Für ein Musikensemble bedeutet das allerdings fast vollständigen Stillstand. Unsere Organisation arbeitet zwar derzeit in vollem Umfang weiter (jeder an seinem privaten Computer), aber das Ensemble kann wegen des Infektionsrisikos nicht mehr gemeinsam proben. Konzerte werden abgesagt oder auf unbestimmte Zeit verschoben. Sofern eine Absage noch nicht in unserem Online-Kalender steht, können Sie damit rechnen, dass diese bald folgen wird.

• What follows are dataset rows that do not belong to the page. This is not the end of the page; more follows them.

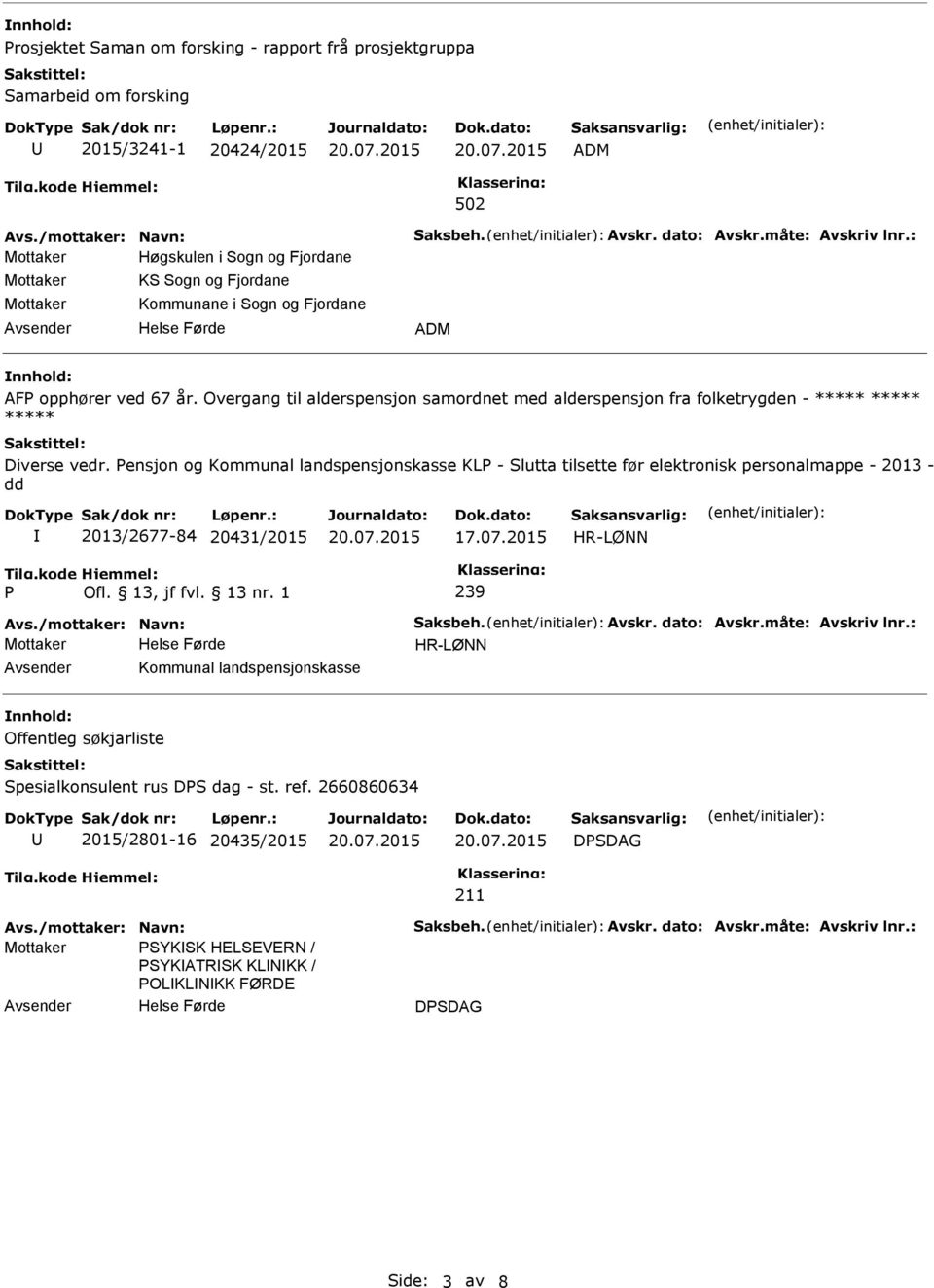 Overgang til alderspensjon samordnet med alderspensjon fra folketrygden - ***** ***** ***** Diverse vedr.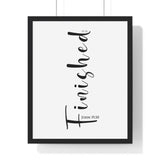 It Is Finished framed Christian wall art inspired by John 19:30, black frame with black and white scripture typography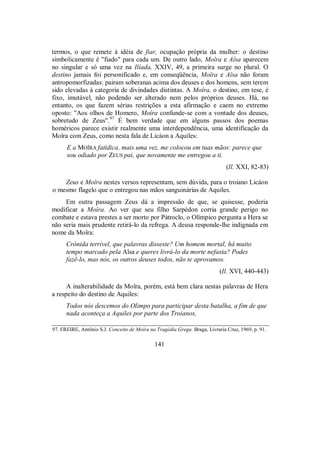 termos, o que remete à idéia de fiar, ocupação própria da mulher: o destino
simbolicamente é "fiado" para cada um. De outro lado, Moîra e Aîsa aparecem
no singular e só uma vez na Ilíada, XXIV, 49, a primeira surge no plural. O
destino jamais foi personificado e, em conseqüência, Moîra e Aîsa não foram
antropomorfizadas: pairam soberanas acima dos deuses e dos homens, sem terem
sido elevadas à categoria de divindades distintas. A Moîra, o destino, em tese, é
fixo, imutável, não podendo ser alterado nem pelos próprios deuses. Há, no
entanto, os que fazem sérias restrições a esta afirmação e caem no extremo
oposto: "Aos olhos de Homero, Moîra confunde-se com a vontade dos deuses,
sobretudo de Zeus".97
É bem verdade que em alguns passos dos poemas
homéricos parece existir realmente uma interdependência, uma identificação da
Moîra com Zeus, como nesta fala de Licáon a Aquiles:
E a MOÎRA fatídica, mais uma vez, me colocou em tuas mãos: parece que
sou odiado por ZEUS pai, que novamente me entregou a ti.
(Il. XXI, 82-83)
Zeus e Moîra nestes versos representam, sem dúvida, para o troiano Licáon
o mesmo flagelo que o entregou nas mãos sanguinárias de Aquiles.
Em outra passagem Zeus dá a impressão de que, se quisesse, poderia
modificar a Moîra. Ao ver que seu filho Sarpédon corria grande perigo no
combate e estava prestes a ser morto por Pátroclo, o Olímpico pergunta a Hera se
não seria mais prudente retirá-lo da refrega. A deusa responde-lhe indignada em
nome da Moîra:
Crônida terrível, que palavras disseste? Um homem mortal, há muito
tempo marcado pela Aîsa e queres livrá-lo da morte nefasta? Podes
fazê-lo, mas nós, os outros deuses todos, não te aprovamos.
(Il. XVI, 440-443)
A inalterabilidade da Moîra, porém, está bem clara nestas palavras de Hera
a respeito do destino de Aquiles:
Todos nós descemos do Olimpo para participar desta batalha, a fim de que
nada aconteça a Aquiles por parte dos Troianos,
97. FREIRE, Antônio S.J. Conceito de Moîra na Tragédia Grega. Braga, Livraria Cruz, 1969, p. 91.
141
 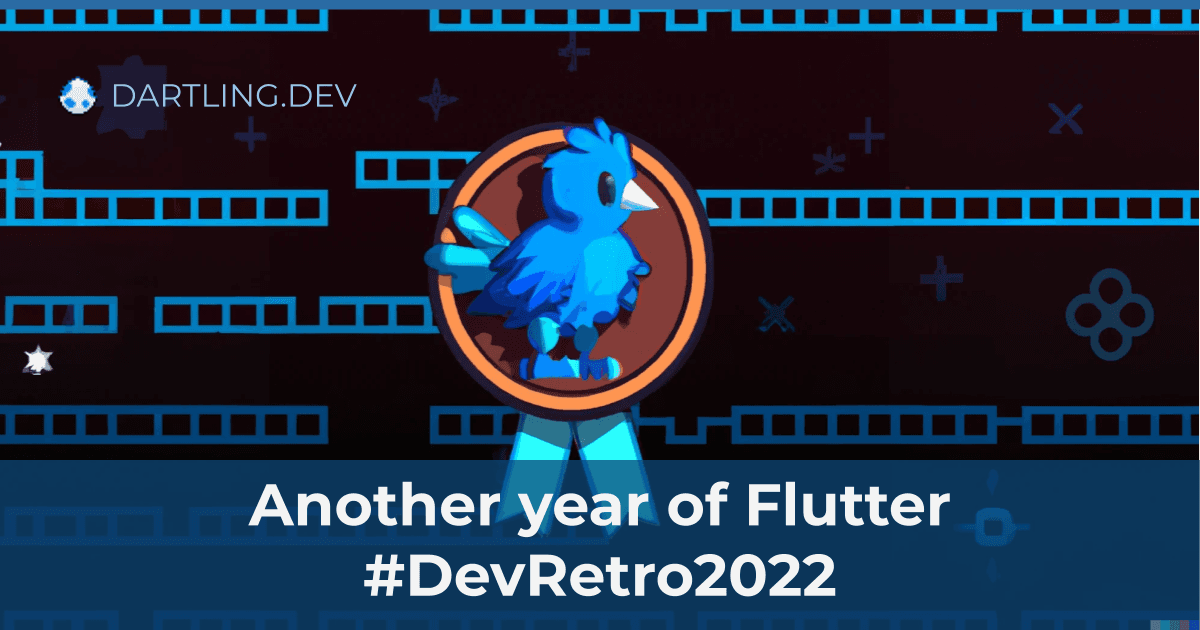 Dev Retro 2022 - Another year of Flutter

Die Musiker des Ensembles sind nicht festangestellt. Das Gesamteinkommen des Ensembles und der Musiker hängt zu einem großen Teil von Konzerteinnahmen ab, auch wenn der Verein Ensemble Musikfabrik direkt mit öffentlichen Geldern und Stiftungsmitteln subventioniert ist. Wir befinden uns damit zusammen mit allen anderen nicht-angestellten Musikern (beispielsweise des Ensemble Modern in Frankfurt und des Ensemble Resonanz in Hamburg) in einer ähnlichen Lage. Wir stehen solidarisch mit allen Musikern, die nun ebenfalls mit diesen enormen Problemen konfrontiert sind und eine gewaltige Unsicherheit in ihrer Arbeits- und Einkommenssituation ertragen müssen.

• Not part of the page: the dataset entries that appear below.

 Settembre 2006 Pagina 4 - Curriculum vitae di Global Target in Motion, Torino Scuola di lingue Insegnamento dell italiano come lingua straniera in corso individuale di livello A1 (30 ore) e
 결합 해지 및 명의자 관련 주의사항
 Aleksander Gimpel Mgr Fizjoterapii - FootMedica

Wegfallende Konzerteinnahmen können sehr schnell nicht mehr intern aufgefangen werden – besonders wenn die Krise andauert. Ensembles und Gruppierungen, die mit nicht angestellten Musikern arbeiten, sind auf Auszahlungen von Veranstaltern, Festivals, Stiftungen und anderen Geldgebern angewiesen, die über die üblichen Regelungen bei höherer Gewalt hinausgehen, oder sie benötigen eine direkte Überbrückungsfinanzierung der öffentlichen Hand. Gerade die Musiker, die ihre gesamte Zeit für Ensemblearbeit reserviert haben – die sich schwerer noch als manche Unterrichtsstunde online umsetzen lässt – trifft der drohende Verdienstausfall besonders hart.

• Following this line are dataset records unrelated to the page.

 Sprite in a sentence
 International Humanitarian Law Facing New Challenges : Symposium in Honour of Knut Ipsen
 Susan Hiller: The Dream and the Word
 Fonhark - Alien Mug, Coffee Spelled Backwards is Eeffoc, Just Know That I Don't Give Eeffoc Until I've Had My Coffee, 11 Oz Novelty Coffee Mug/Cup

Wir bedanken uns bei allen, die sich auf Bundes-, Landes- und Kommunalebene für schnelle finanzielle Hilfe für selbstständige Künstler einsetzen, und bei Geldgebern und Veranstaltern, die kleine Organisationen durch frühe und vollständige Auszahlung von bereits bewilligten Mitteln liquide halten. Sie helfen damit nicht nur vielen Musikern, sondern kämpfen gleichzeitig auch für den Erhalt unserer weltweit einzigartigen Musikszene während dieser für uns völlig neuen Krise.